Starting from:

$30

CSC1243 Homework 7 Solved



Overview
In our discussion of program translation, we discussed the typical contents found in an object or load module file. One of these is the Executable and Linking Format (ELF)1, which is used in many different operating systems (including Linux®). It is an extremely flexible format, and even allows the creation of object and load module files which contain executable code for multiple architectures.

For this assignment, you will work with a much simpler object module format. This will require that you read and process non-text, binary data, and that you understand how information can be "packed" into words so as to save space.

The object module format you will work with was designed for use with the assembler, linker, and simulator used in the CSCI-250 (Concepts of Computer Systems) course, which uses the MIPS R2000 processor as its example of CPU design and assembly language programming. It is significantly simpler than the ELF format, and was designed to be easy to work with while still providing enough information to allow linking of separately-translated source programs. Because that course uses the MIPS R2000 architecture, this suite of programs is called the R2K suite, and thus the object module format is the R2K module format.

The R2000 is a 32-bit CPU with a 4 byte addresses and instructions. You will find a description of the R2K object module format in a separate document: The R2K Object Module Format.

 

Supplied Code
Create a subdirectory to contain your work for this assignment, and cd into that directory. Retrieve the materials for this homework using the command:

get  csci243  hw7

This will copy a number of files from the course account into your working directory, as follows:

exec.h     Declaration of relevant structures and some CPP macros to simplify some tasks header.mak For use with gmakemake

sample.asm A simple R2K assembly language program sample.obj The object file version of sample.asm sample.out The load module (i.e., linked executable) version of sample.asm stdout.1     Output from running the command "alm sample.out" stdout.2   Output from running the command "alm sample.obj"

You should not submit any of these files. A copy of exec.h will be provided by try when you submit your solution. The sample object and load module files are to be used when testing your program.

 

Activities
Based on the R2K format described in the document linked above, you are to write a program which analyzes R2K object modules and load modules. Your program will be invoked with one or more R2K modules on the command line:

alm  file-1 [ file-2 ... ]

For each file-i on the command line, your program will produce a summary of the information found in that object or load module, as described below.

Unless otherwise indicated, all output from your program should be printed to stdout. The only output printed to stderr are error messages associated with opening or processing an R2K module.

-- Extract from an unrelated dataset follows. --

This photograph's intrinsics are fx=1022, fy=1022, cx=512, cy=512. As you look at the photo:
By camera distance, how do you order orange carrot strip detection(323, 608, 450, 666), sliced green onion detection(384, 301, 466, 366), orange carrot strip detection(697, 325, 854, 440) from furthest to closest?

Command Line Argument Verification
If your program is invoked with no command-line arguments, print this usage message to stderr and exit:

usage: alm file1 [ file2 ... ]

File Processing
For each command-line argument, you must open the file for input, read its contents, and produce your report. If the open fails, use perror() to print an error message with the name of the file which could not be opened as the prefix, and move to the next command-line argument.

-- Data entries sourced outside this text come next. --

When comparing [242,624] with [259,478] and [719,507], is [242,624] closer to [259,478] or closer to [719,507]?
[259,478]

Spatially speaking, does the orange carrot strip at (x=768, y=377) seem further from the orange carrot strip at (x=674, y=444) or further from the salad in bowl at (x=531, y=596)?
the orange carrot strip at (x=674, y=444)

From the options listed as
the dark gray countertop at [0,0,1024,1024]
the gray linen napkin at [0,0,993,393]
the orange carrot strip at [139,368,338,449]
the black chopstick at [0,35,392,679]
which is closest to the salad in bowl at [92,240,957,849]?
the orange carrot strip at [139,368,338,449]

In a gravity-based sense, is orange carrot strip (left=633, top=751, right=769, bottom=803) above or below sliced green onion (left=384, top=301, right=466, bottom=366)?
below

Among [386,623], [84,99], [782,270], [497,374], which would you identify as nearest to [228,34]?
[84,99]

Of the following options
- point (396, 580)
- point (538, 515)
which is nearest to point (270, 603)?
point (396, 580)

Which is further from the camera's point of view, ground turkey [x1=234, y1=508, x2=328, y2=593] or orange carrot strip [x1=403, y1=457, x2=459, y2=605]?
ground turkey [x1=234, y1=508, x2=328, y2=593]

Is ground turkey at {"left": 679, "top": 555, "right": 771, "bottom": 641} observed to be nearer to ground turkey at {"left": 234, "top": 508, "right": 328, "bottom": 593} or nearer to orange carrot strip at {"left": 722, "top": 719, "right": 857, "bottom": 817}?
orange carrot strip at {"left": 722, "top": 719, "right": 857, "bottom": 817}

Assuming the file can be opened, you must first verify the magic number. If the magic number is not

0xface, print the message error: file is not an R2K object module (magic number 0xXXXX)

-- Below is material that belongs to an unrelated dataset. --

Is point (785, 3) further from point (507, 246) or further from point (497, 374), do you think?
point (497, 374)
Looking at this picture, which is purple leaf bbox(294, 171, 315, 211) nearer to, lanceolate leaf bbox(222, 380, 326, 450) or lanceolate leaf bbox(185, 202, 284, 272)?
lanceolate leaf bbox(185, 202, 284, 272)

to the stderr, where file is the name of the file being checked, and XXXX is the magic number found in the file (printed as a four-digit hex value). After this, move to the next command-line argument.

Once you have verified that the file is an R2K module, produce your report. Print a separator line consisting of a twenty hyphen ('-') characters, followed by one line that indicates whether this is an object module or a load module. For object modules, print:

--------------------

File name is an R2K object module

where name is the name of the R2K module file. For load modules, print:

-------------------File name is an R2K load module (entry point 0xaaaaaaaa)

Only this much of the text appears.